§ **Description of the task**:
If an entry contains a picture, omit that picture and transcribe everything else exactly.
+ + + + + + +
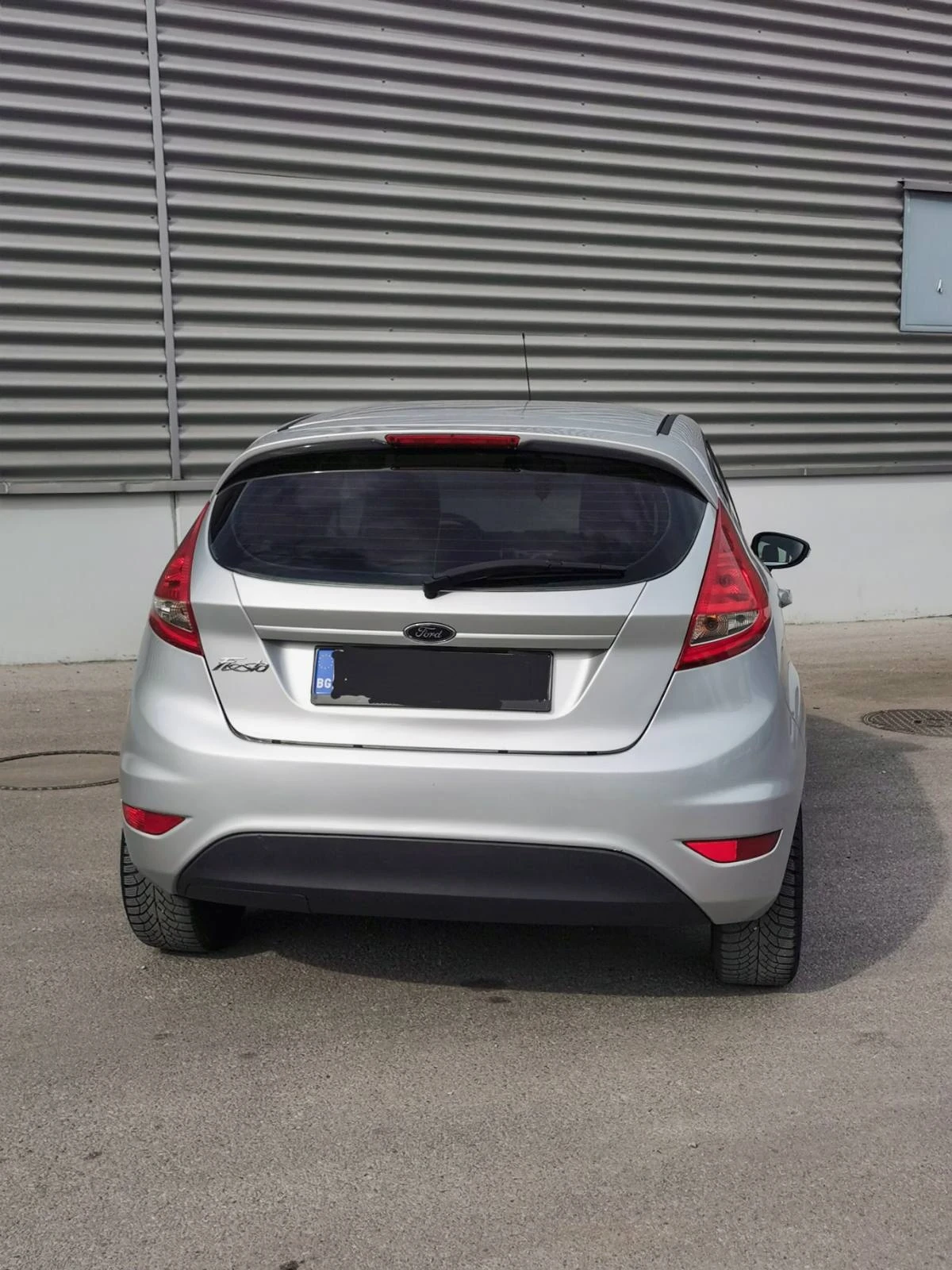 Ford Fiesta 1.3, снимка 4 - Автомобили и джипове - 55200041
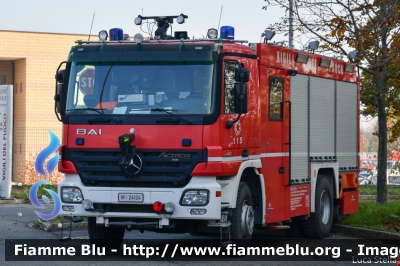 Mercedes-Benz Actros 1832 II serie
Vigili del Fuoco
Comando Provinciale di Bologna
AutoPompaSerbatoio bimodale (strada-rotaia) allestimento Bai
Con nuove marcature ferroviarie
VF 24124
Parole chiave: Mercedes-Benz Actros_1832_IIserie VF24124 Santa_Barbara_2018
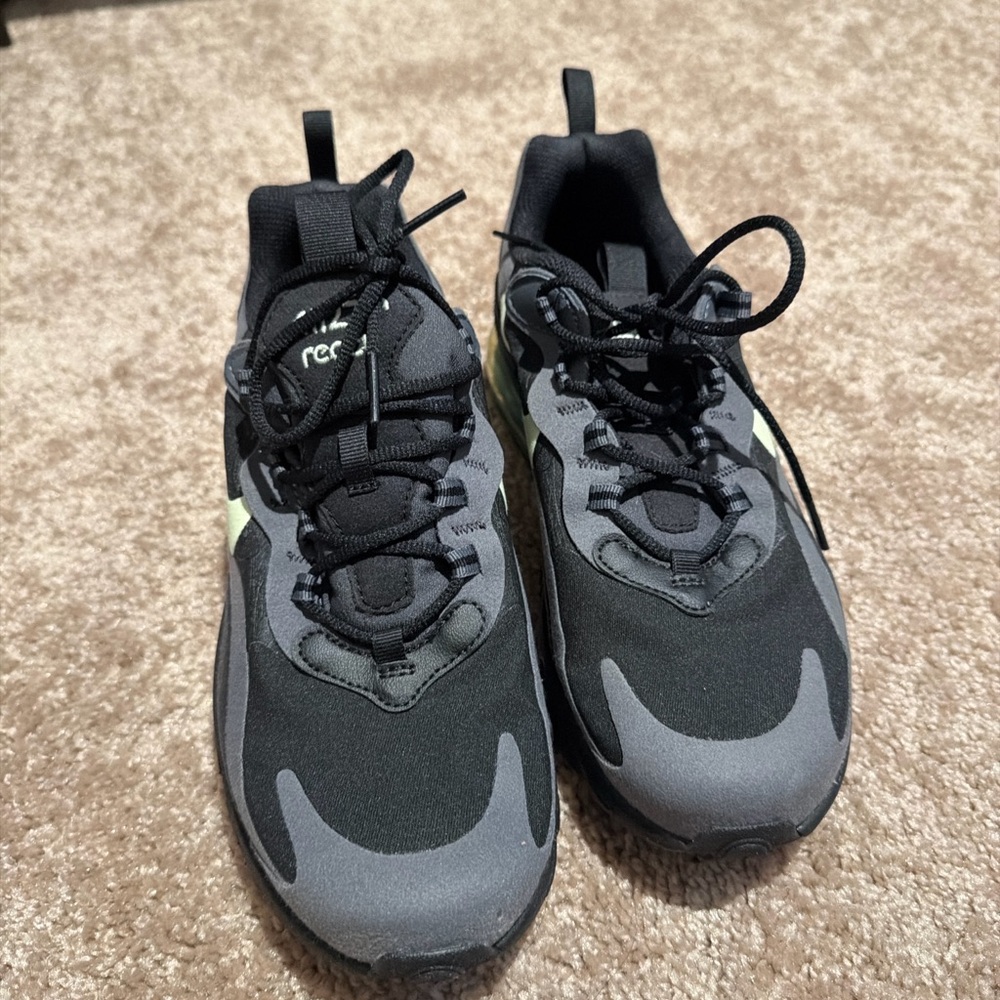 Nike Air Max 270 React Black Grey Green Sneakers Women’s 6.5Y / 8W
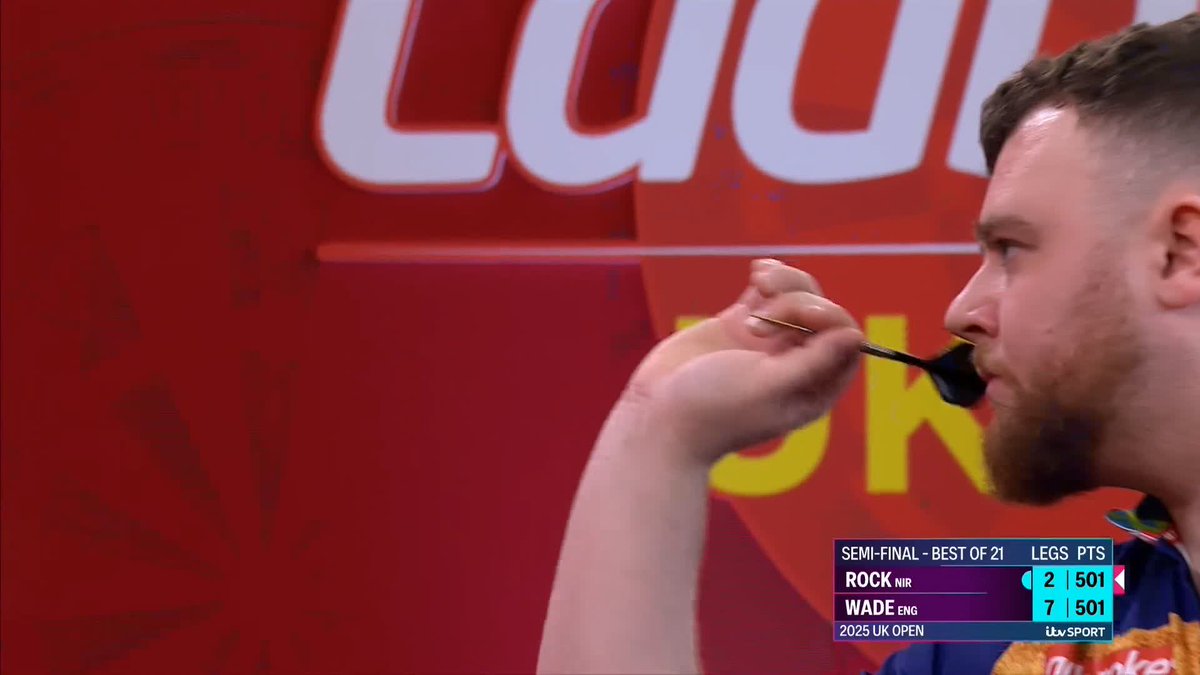 WADE THREE AWAY! Six perfect darts for Josh Rock and he still loses the leg... James Wade doing what he does best as he moves 8-2 ahead! 📺 #UKOpenDarts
+ + + + + + +
§ **Task result**:
 Ford Fiesta 1.3, снимка 4 - Автомобили и джипове - 55200041
 Mercedes-Benz Actros 1832 II serie
Vigili del Fuoco
Comando Provinciale di Bologna
AutoPompaSerbatoio bimodale (strada-rotaia) allestimento Bai
Con nuove marcature ferroviarie
VF 24124
Parole chiave: Mercedes-Benz Actros_1832_IIserie VF24124 Santa_Barbara_2018
 Nike Air Max 270 React Black Grey Green Sneakers Women’s 6.5Y / 8W
 WADE THREE AWAY! Six perfect darts for Josh Rock and he still loses the leg... James Wade doing what he does best as he moves 8-2 ahead! 📺 #UKOpenDarts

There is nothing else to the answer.